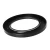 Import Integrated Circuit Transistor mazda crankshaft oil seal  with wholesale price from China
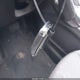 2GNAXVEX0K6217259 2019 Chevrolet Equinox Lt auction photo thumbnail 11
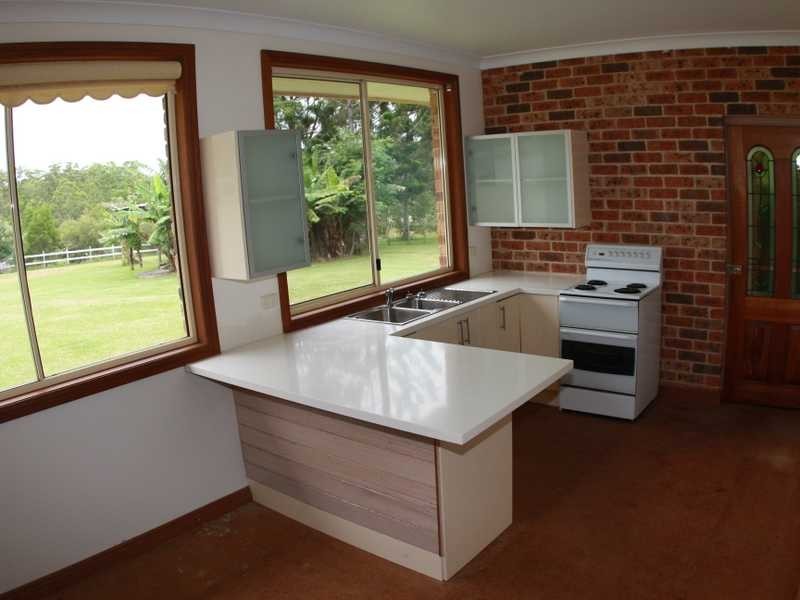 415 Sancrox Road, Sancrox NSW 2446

▶ [Try it]:
Transcribe the lines above exactly, setting aside any picture among them.

▶ [Output of the exercise]:
 Import Integrated Circuit Transistor mazda crankshaft oil seal  with wholesale price from China
 2GNAXVEX0K6217259 2019 Chevrolet Equinox Lt auction photo thumbnail 11
 415 Sancrox Road, Sancrox NSW 2446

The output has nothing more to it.